When in doubt: a mean gap → oaxaca; a distributional gap → ffl; a causal gap → yu_elwert if you have a binary intermediate treatment, otherwise gap_closing for an aggregate intervention story.

Yu--Elwert (2025) — the frontier method

sp.yu_elwert_decompose(...) (alias sp.decompose("yu_elwert", ...) or sp.decompose("cdgd", ...)) decomposes a group disparity \(D = E[Y \mid R{=}1] - E[Y \mid R{=}0]\) operating through a binary treatment \(T\) into four mechanisms:

\[ D = \underbrace{(E[Y(0) \mid R{=}1] - E[Y(0) \mid R{=}0])}_{\text{baseline}} + \underbrace{E_0[\tau]\big(E[T \mid R{=}1] - E[T \mid R{=}0]\big)}_{\text{prevalence}} + \underbrace{E[T \mid R{=}1]\big(E_1[\tau] - E_0[\tau]\big)}_{\text{effect}} + \underbrace{\operatorname{Cov}_1(T, \tau) - \operatorname{Cov}_0(T, \tau)}_{\text{selection}} \]

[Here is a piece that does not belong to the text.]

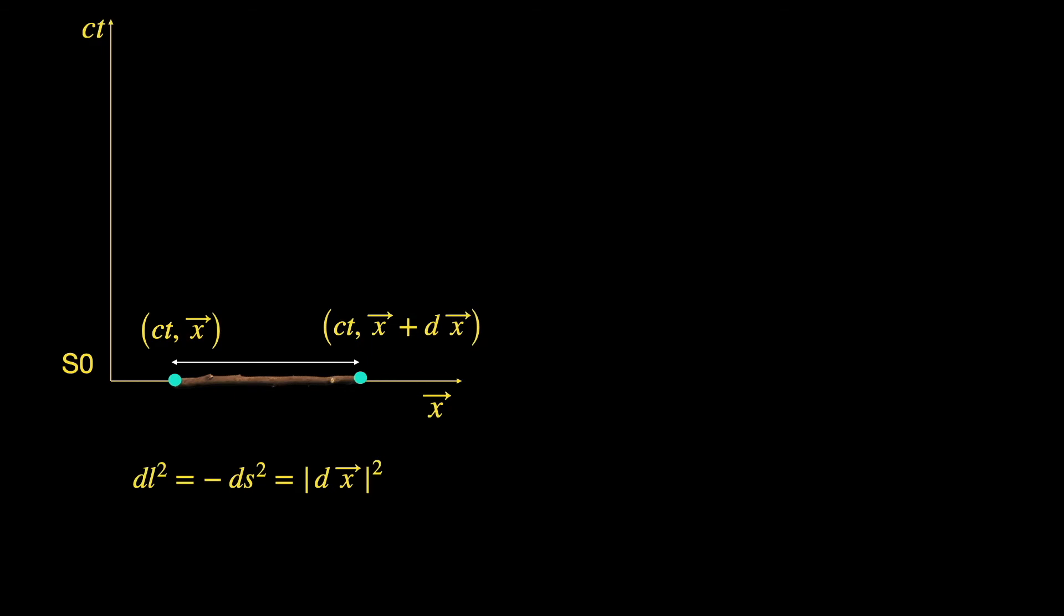...so this space-time interval is obviously space-like and it looks like a purely spatial segment to us S0 observers for obvious reasons. It's just the length, right? But if the S1 frame observer measures the space-time interval between the same two events...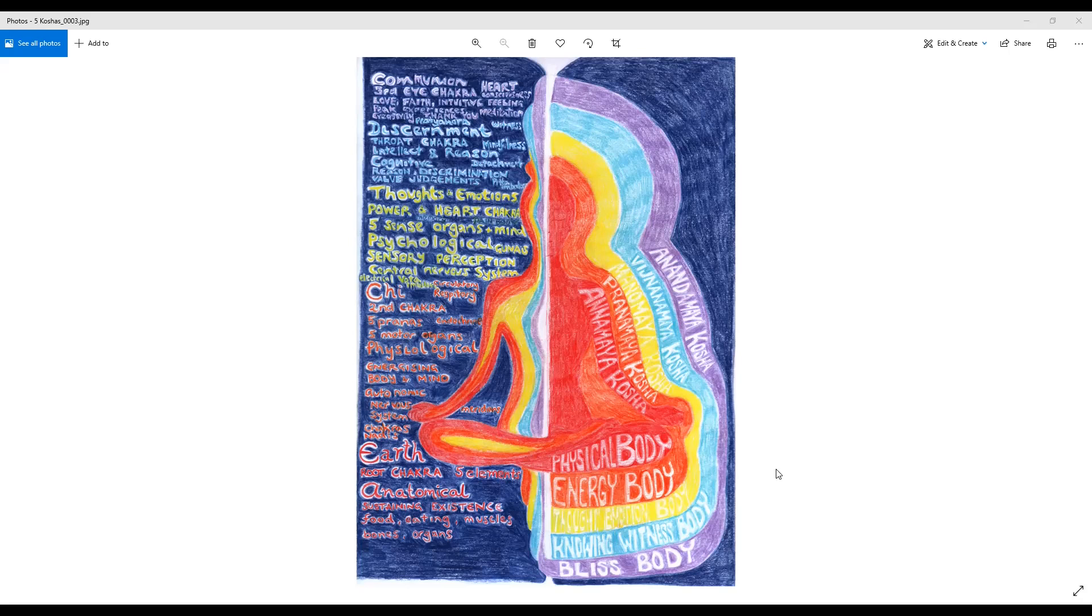The five koshas from the most subtle to the most dense are: the Anandamaya Kosha, the Vijnanamaya Kosha, the Manomaya Kosha, Pranamaya Kosha, and Annamaya Kosha. The most subtle sheath is the Anandamaya Kosha. Anandamaya means composed of Ananda, and Ananda means bliss. The Anandamaya Kosha simply means composed of bliss, and it's the subtlest of the five sheaths.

Identification requires only conditional ignorability of \(T\) given \((R, X)\)not that \(R\) itself is unconfounded — which is what makes this approach distinct from causal-mediation methods. The "selection" piece is the novel mechanism: it captures whether the right people (those with the largest individual gain) end up treated within each group.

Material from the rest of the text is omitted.